She lives love and sings beauty – Patti Austin is on a crusade for jazz. She grew up in a poor family, but her parents were loving. And her father “brainwashed” her with music. “Music became the thing that stimulates whatever is your feeling and brings a new feeling to your life,” Patti Austin said on Jazz FM. “Music has always been my safe place, the place that I go to be affirmed. That’s why I keep enjoying every time I walk out on the stage and get to do it for an audience. It’s a marvelous gift.”
That’s a gift Patti Austin will share with the Bulgarian audience at her first concert in Sofia tonight at Hall 1 of the National Palace of Culture. The concert is dedicated to the 100th anniversary of the birth of Ella Fitzgerald. It is part of The Music of America programme of Cantus Firmus and the America for Bulgaria foundation.
Jazz having come from the African American experience and having flourished in difficult times – depression and WWII, is so vital: “The ability to create something artistic out of that pain, and anguish, and madness is profound. So, the music is profound,” Patti Austin appreciates its legacy. Art is powerful: “We have a tendency to take for granted the things we love the most. Art is a reflection of what is in our heart and it has a great power to bring us together. It can rebuild and touch people’s hearts like nothing else.”

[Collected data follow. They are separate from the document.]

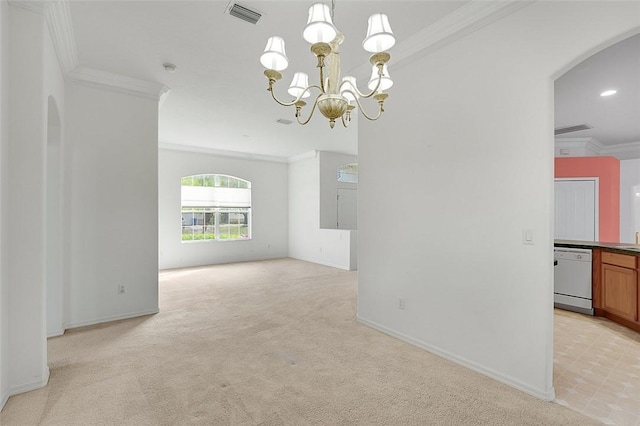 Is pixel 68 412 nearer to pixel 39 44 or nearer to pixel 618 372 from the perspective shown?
pixel 39 44

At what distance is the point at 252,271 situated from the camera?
7.06 metres

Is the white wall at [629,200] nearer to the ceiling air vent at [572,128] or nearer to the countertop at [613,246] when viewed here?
the ceiling air vent at [572,128]

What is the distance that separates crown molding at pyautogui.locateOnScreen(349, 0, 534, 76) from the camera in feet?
7.84

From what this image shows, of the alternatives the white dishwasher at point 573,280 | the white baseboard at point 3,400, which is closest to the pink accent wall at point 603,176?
the white dishwasher at point 573,280

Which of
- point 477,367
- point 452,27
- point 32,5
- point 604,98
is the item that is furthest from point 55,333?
point 604,98

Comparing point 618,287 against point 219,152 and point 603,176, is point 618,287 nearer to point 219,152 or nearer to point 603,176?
point 603,176

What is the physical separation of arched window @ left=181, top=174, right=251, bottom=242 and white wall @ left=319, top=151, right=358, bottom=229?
211 cm

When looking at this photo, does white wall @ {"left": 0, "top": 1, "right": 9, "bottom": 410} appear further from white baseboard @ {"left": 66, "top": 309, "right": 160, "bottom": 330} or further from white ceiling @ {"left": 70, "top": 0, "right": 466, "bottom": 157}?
white baseboard @ {"left": 66, "top": 309, "right": 160, "bottom": 330}

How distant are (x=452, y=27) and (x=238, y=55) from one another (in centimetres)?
209

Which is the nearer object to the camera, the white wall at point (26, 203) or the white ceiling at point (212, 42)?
the white wall at point (26, 203)

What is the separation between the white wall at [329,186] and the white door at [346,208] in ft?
0.53

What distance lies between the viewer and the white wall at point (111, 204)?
3662 mm

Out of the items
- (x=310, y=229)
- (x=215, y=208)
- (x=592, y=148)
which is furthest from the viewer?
(x=310, y=229)

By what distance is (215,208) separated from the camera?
26.9 ft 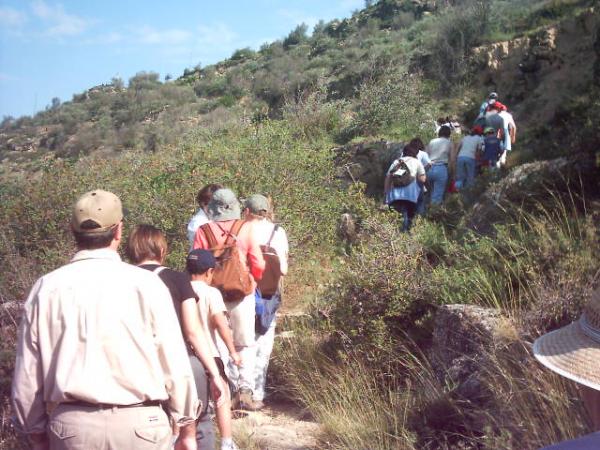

Patti Austin will lead us through that experience with Ella’s music and the stories of her life, so that after the final notes, we “will go out and do great things.” Having created many songs that last forever, here’s her recipe to timelessness: “The music that stays has been created by people who are not making it because they think you might like it, they are making it because they know they love it!”
Video by Hristo Penev
Tonight Patti Austin will be accompanied by the string section of the Classic FM Orchestra and Brass Association big band. Angel Zabersky conducts.